To do: Reproduce only the lines from the one containing "this 1270×952 image." through the end of the data, exactly as they stand.

(Records from a data source)
★ ★ ★

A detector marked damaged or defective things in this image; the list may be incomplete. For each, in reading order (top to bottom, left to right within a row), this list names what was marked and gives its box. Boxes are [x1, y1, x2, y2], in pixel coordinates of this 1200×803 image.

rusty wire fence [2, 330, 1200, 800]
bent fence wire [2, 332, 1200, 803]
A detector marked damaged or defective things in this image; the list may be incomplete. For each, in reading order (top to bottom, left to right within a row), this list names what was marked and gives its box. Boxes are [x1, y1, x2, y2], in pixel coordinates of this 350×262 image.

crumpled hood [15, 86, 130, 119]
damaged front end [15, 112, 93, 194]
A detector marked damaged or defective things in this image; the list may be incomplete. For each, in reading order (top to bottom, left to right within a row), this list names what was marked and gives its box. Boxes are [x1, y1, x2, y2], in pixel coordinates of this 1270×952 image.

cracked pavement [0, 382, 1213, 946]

★ ★ ★

Task output:
A detector marked damaged or defective things in this image; the list may be incomplete. For each, in reading order (top to bottom, left to right within a row), this list names what was marked and gives its box. Boxes are [x1, y1, x2, y2], in pixel coordinates of this 1270×952 image.

cracked pavement [0, 382, 1213, 946]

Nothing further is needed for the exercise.